Uwaga: Już po podaniu wyników wczorajszego wyścigu, sędziowie zdecydowali, iż Nyckowi de Vriesowi należy się kara za zbyt agresywną obronę przed Nickiem Cassidy’m. Holender otrzymał pięć sekund kary, co zepchnęło go na szóste miejsce. Dodatkowe punkty uzyskali zatem Cassidy, Oliver Askew oraz Mitch Evans.
Wszystko rozstrzygnie się w Azji
Już tylko dwa wyścigi w Seulu pozostały do zakończenia ósmego sezonu w historii Formuły E. Sezonu obfitującego w niespodziewane rezultaty, bezsprzeczne triumfy, błędy, wypadki, momenty wielkiej euforii i chwile ogromnego zawodu. Każdy z czterech kierowców wciąż liczących się w walce o mistrzostwo doświadczył całego spektrum owych emocji.

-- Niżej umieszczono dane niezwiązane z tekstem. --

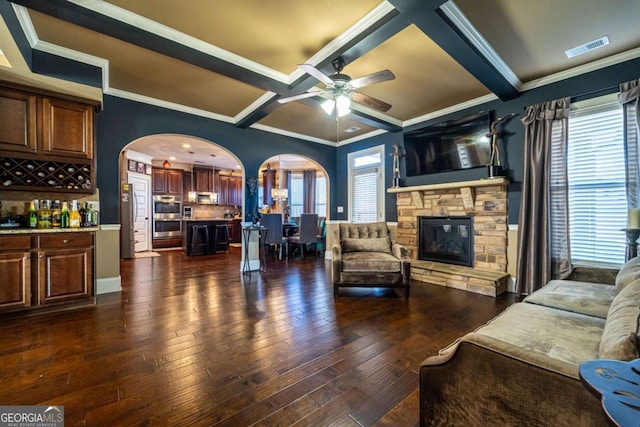 living room featuring coffered ceiling, a stone fireplace, ceiling fan, beamed ceiling, and dark hardwood / wood-style flooring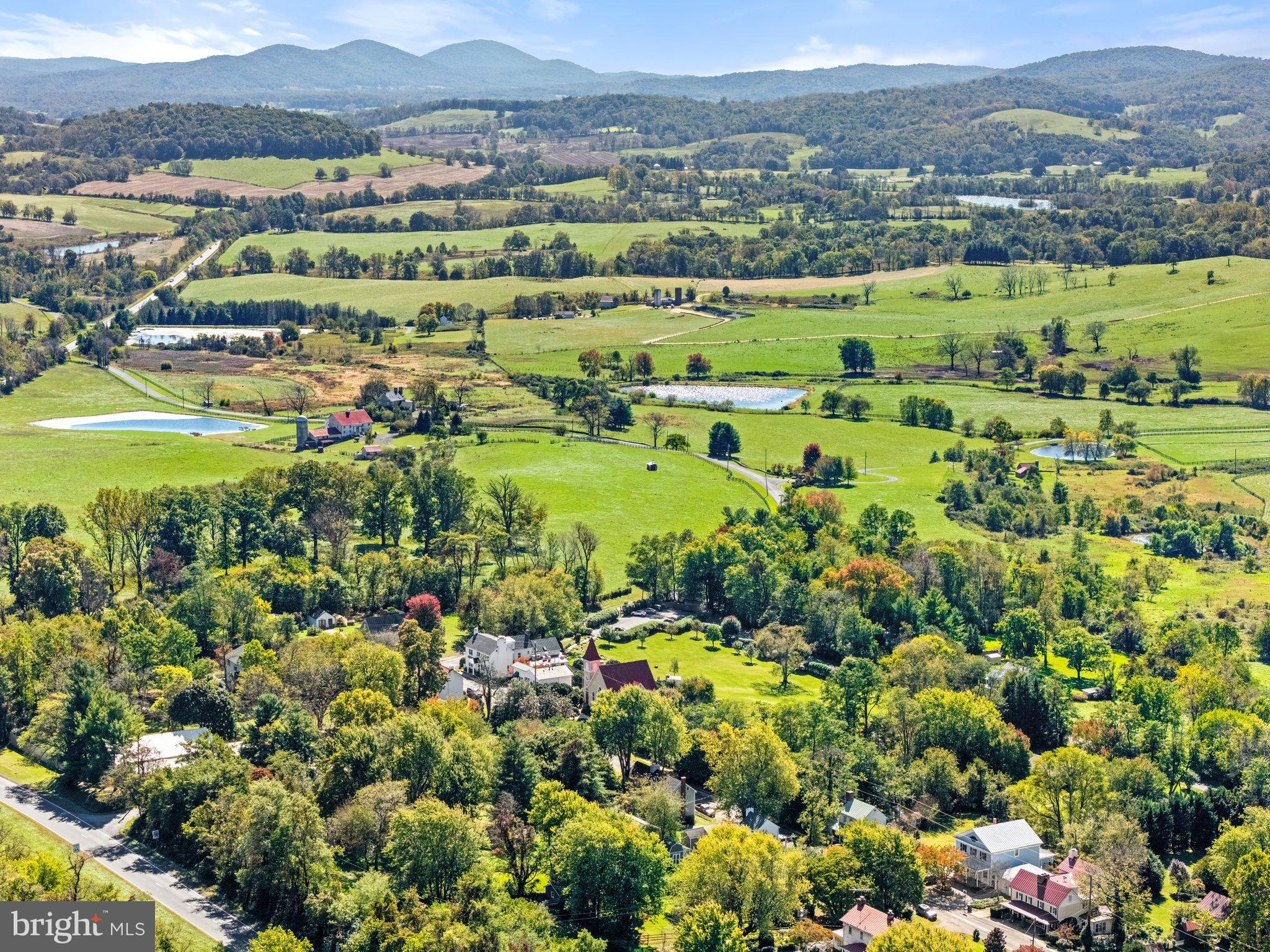 677 Federal Street Paris, VA 20130 - Photo 67 of 82 a view of a city with a lush green hillside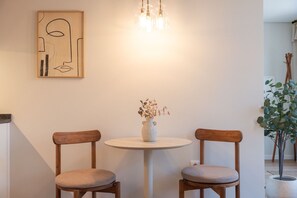 Un comedor con dos sillas de madera, una pequeña mesa redonda, un jarrón con flores secas y un cuadro abstracto moderno en la pared.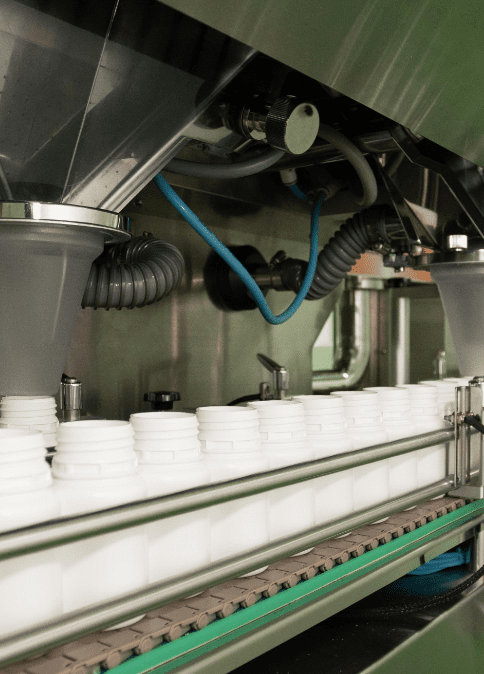 Automatic filling machine dosing product into white containers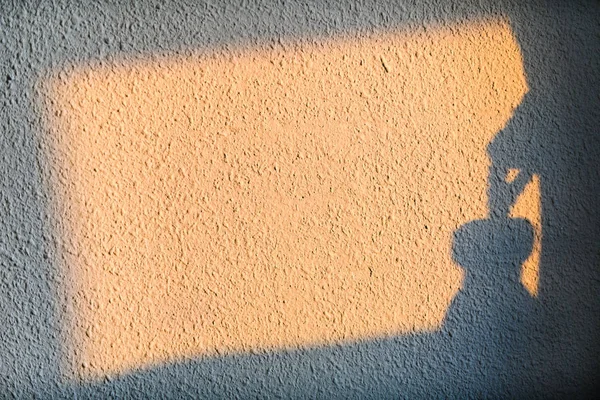 Schatten an der Wand bei Sonnenaufgang. Malaga. Andalusien. Spanien — Stockfoto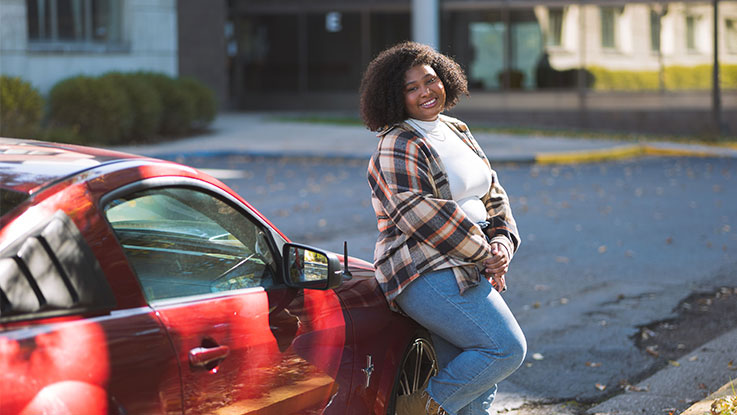 a woman standing in front of her red car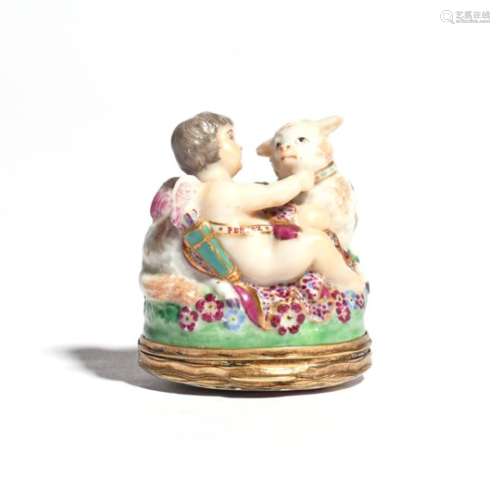 A Chelsea bonbonnière c.1765, modelled as Cupid seated on a flowered grassy base with a lamb wearing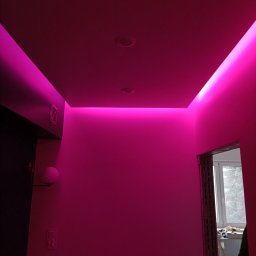 CORBUD - Wnętrze z podświetleniem LED w kolorze fuksji, widoczne fragmenty sufitu podwieszanego, ściany pomalowane na jasny kolor, gniazdko elektryczne oraz fragment futryny drzwiowej z widocznym oknem...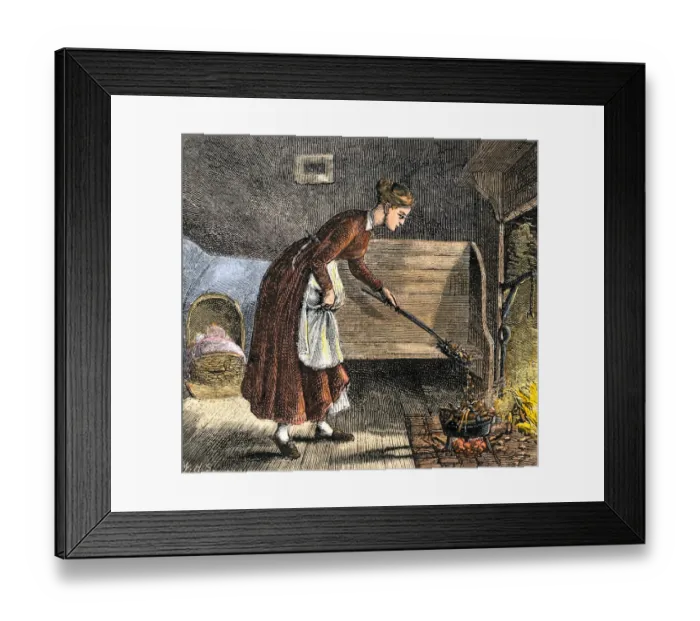 Framed Print : Pioneer mother cooking with a bake-kettle in the fireplace Framed Print : Pioneer mother cooking with a bake-kettle in the fireplace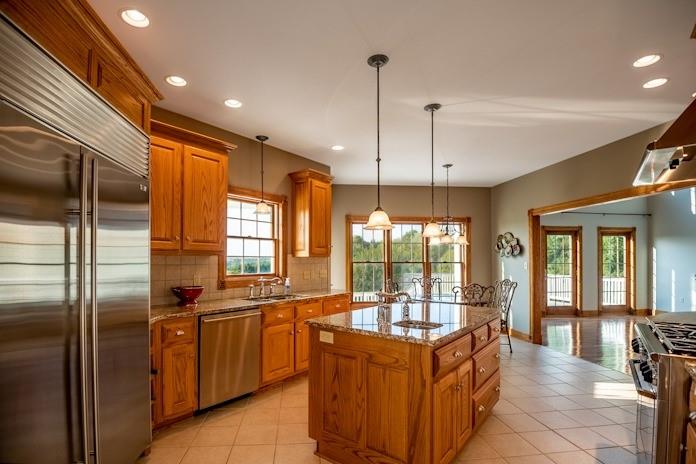 463 Gerber Road Volant, PA 16156 - Photo 9 of 25 a kitchen with stainless steel appliances granite countertop a stove a sink and a refrigerator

W Seulu nie będzie już miejsca na błędy. Na relatywnie najspokojniejszy weekend pozwolić sobie może Vandoorne ale i on musi zdobyć kilka punktów, jeśli nie chce liczyć na łut szczęścia. O takowe muszą modlić się Evans i Mortara; Vergne z kolei liczyć będzie na cud. Mistrzowski puchar trafi w ręce jednego z zawodników peletonu tylko w wypadku kłopotów lidera czempionatu.